Amigos doesn’t have a dedicated field of its own, so students go to nearby Dana Square Park, which involves crossing Magazine Street. Meanwhile, 158 Spring Street is next to Ahern Field, a 2.6-acre green space. While that field is a selling point for Amigos parents, some have reservations about the city’s decision to install artificial turf in place of real grass at the field.
Allen said that if Amigos moves to Spring Street, the artificial turf would be a “huge red flag.” Rebusco emphasized environmental concerns about microplastics, and added that real grass is more conducive to “children’s free play.”
In fact, some Amigos parents have rallied together to collect signatures in opposition of the field’s renovations.
Jia-Jing Lee, who had a child at Kennedy-Longfellow at the time it closed and ran for School Committee in 2025, is concerned about microplastics and chemicals associated with synthetic grass material. She is also worried for neurodivergent students with sensory processing disorders and their experience with the turf, which gets hotter than real grass.
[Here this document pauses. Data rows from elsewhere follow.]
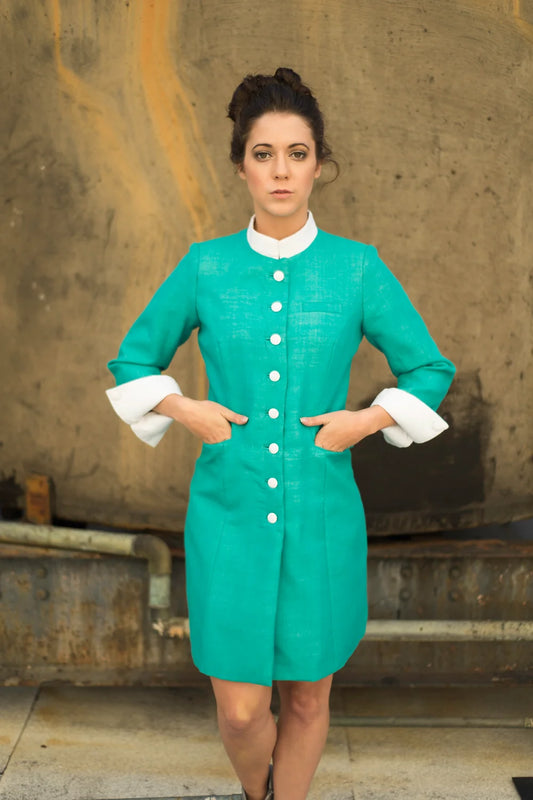 Sea Green Coat With White Collar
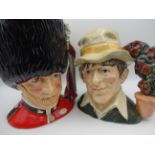 ROYAL DOULTON THE GUARDSMAN D 6755 AND THE GARDENER D 6867 CHARACTER JUGS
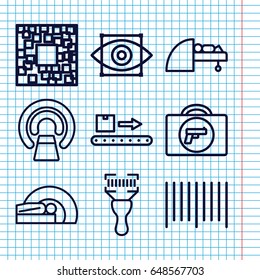 Set of 9 scan outline icons such as briefcase with weapon, mri, bar code, bar code scanner, luggage scan, eye scan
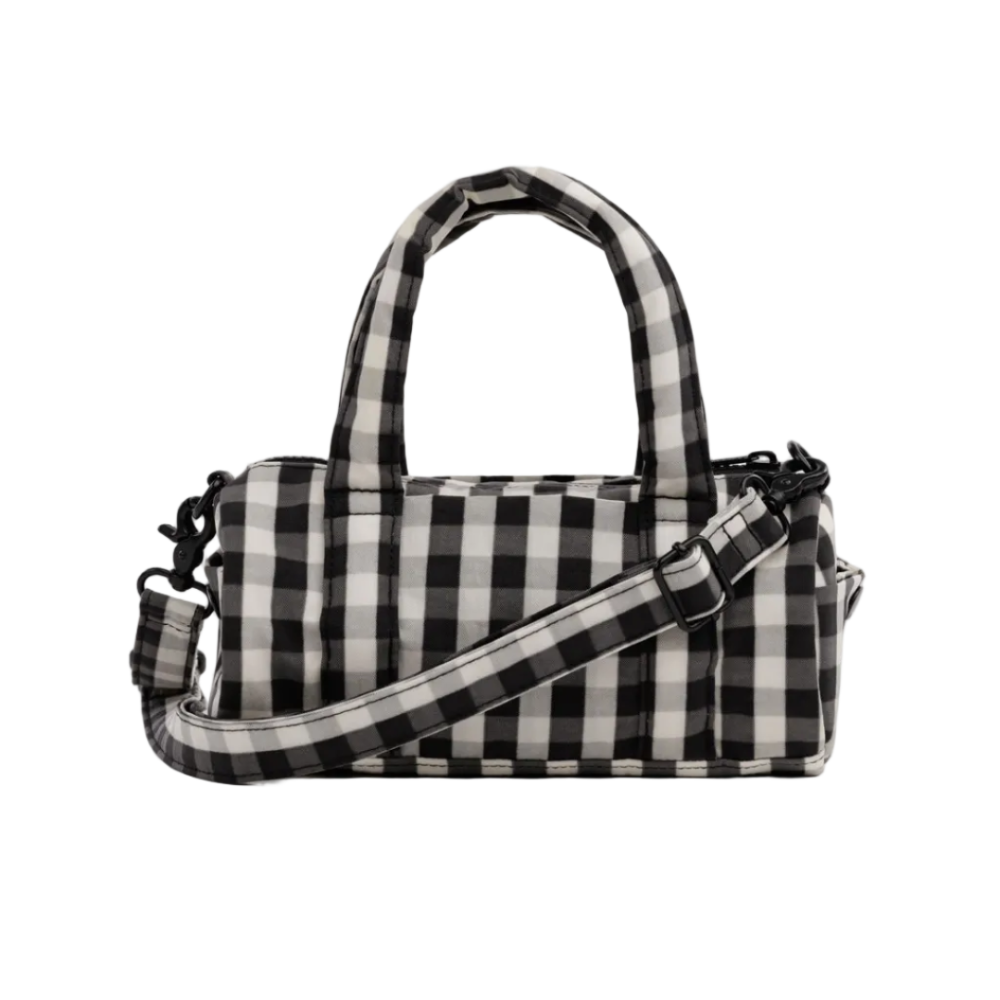 Baggu Small Nylon Duffle Bag Black and Cream Gingham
“If you are updating the building, you also need to be making sure that it’s serving inclusive design” for the students who will be in school next door, Lee said.
Maintenance costs
The 158 Spring Street building is vacant in part because it needed significant and expensive renovations. Some parents raised questions about funding disparities across the district’s different construction projects. Anne Coburn, a former Kennedy-Longfellow parent and School Committee candidate, worried that the budget will not allow for necessary renovations for the building and for programming that will support high-need populations.
For instance, The Tobin Montessori and Darby Vassall Upper Schools and Community Complex represented a nearly $300 million investment by the city. That was, however, a brand new building, not a renovation. The district estimates a $10 million investment in reconstruction at 150 Spring Street, and an additional $7.5 million devoted to Ahern Field next door. But an October 2022 analysis of the building’s condition by DLR Group estimated more than $50 million was needed to fully renovate it, including nearly $6.8 million for electrical systems and roughly $2.7 million each for plumbing and HVAC needs.
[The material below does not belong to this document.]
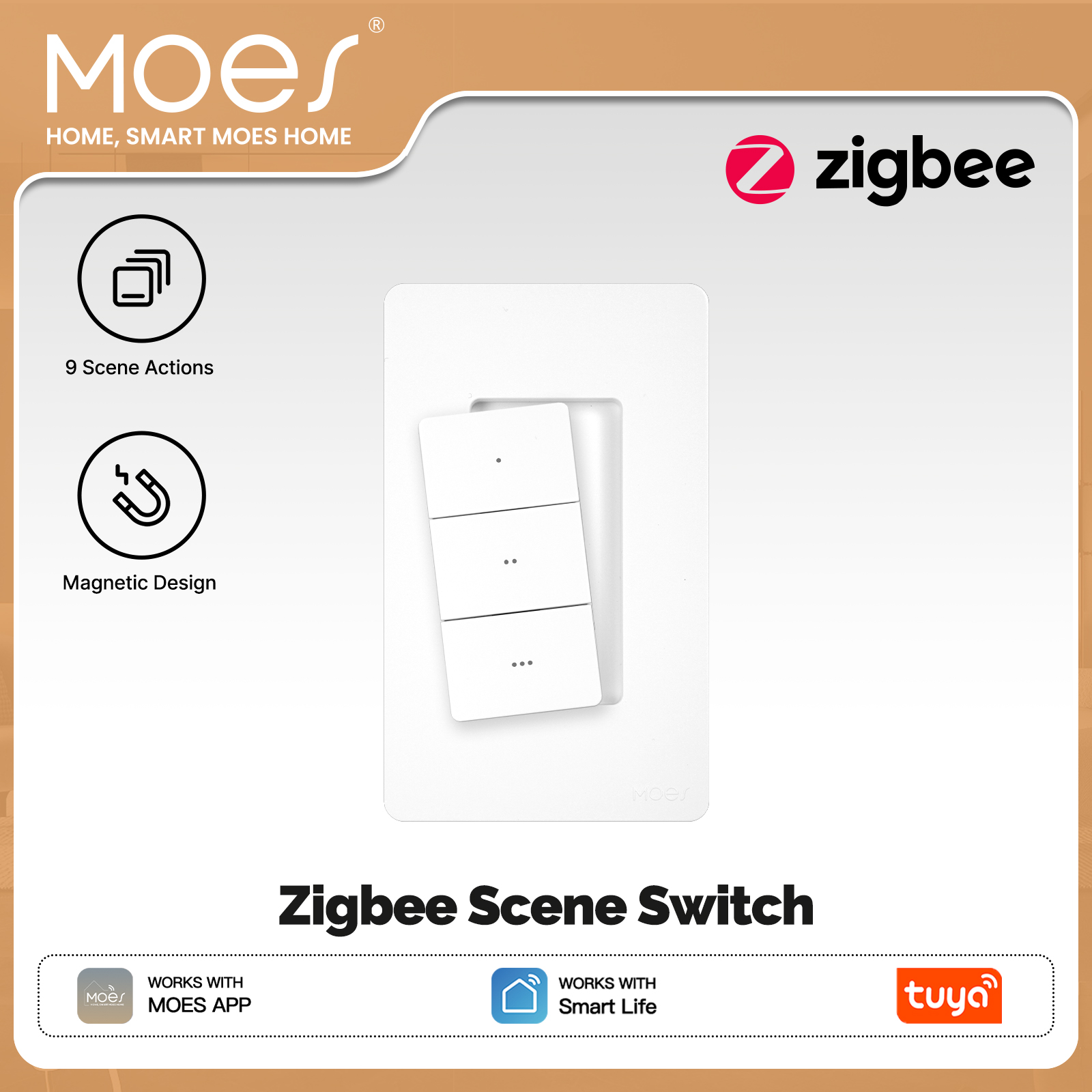 مفتاح مشهد لاسلكي ذكي MOES Tuy - مراجعة Push Button Tactile وسعره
“They’re going to have to spend some serious money to get [158 Spring Street] to be suitable for occupancy,” said Fred Fantini, who was a member of the Cambridge School Committee for 40 years and advocated to establish the Amigos School in 2001. But, Fantini sees a move to the 158 Spring Street building as an “opportunity to expand” the school’s immersion program to “support more Spanish learners” now that the school has a long waiting list. Amigos enrolled 421 students this school year, according to the Department of Elementary and Middle School Education, and is a highly sought after school in the district. The former Kennedy-Longfellow school can house up to 650 students.
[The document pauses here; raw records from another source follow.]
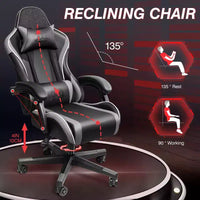 Fauteuil de bureau exécutif en cuir KERDOM, Fauteuil de bureau ergonomique à dossier haut avec support lombaire et accoudoirs rembourrés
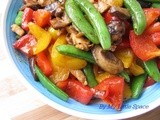 Stir Fried Green Pea & Bell Pepper With Miso Paste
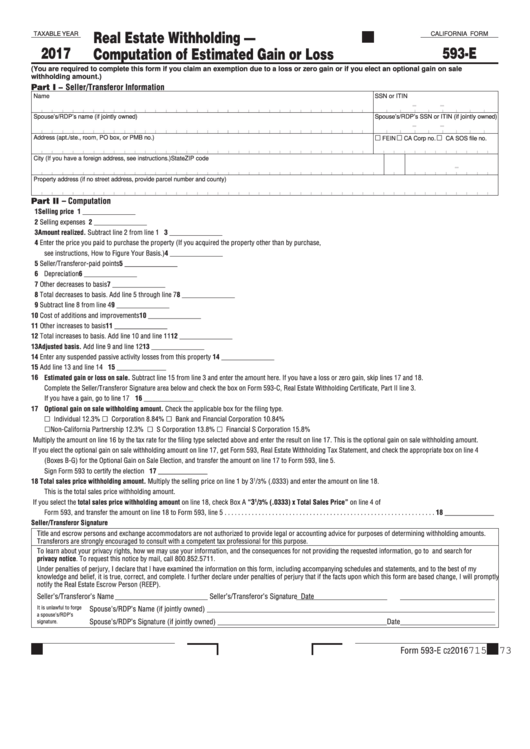 Form 593 E Fillable Printable Forms Free Online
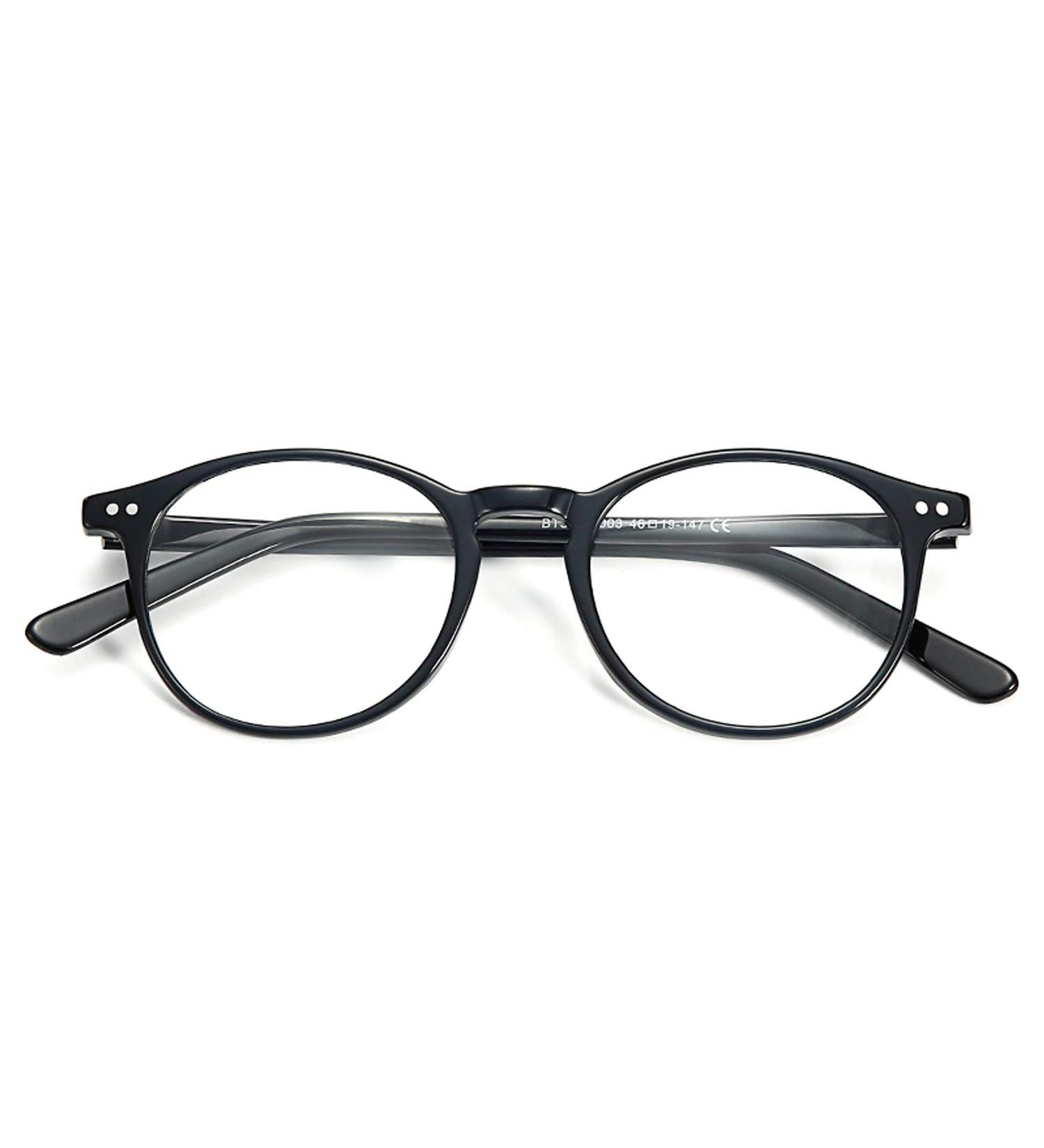 ZENOTTIC Vintage Round Glasses Frame - Retro Clear Lens Nerd Glasses for Men & Women - C3 Black - Stylish & Prescription-Free - Buy Online on SooperMarket.com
It also operates as a choice school, not a proximity school. Under Cambridge’s Controlled Choice Policy, families receive preference for two “proximity schools,” the two schools which are located closest to their residence. Other preference factors include socioeconomic status and family preference. Immersion schools do not give preference to families that live nearby.
Fantini suggested that if Amigos does make the move to 158 Spring Street, it should honor the East Cambridge residents who were “really hurt by the closure” of the Kennedy-Longfellow School. He suggested it could offer neighborhood preference for East Cambridge residents. He also thought the name of the school could honor former Kennedy Longfellow families, tossing out “The Amigos at The Kennedy Longfellow,” as an option.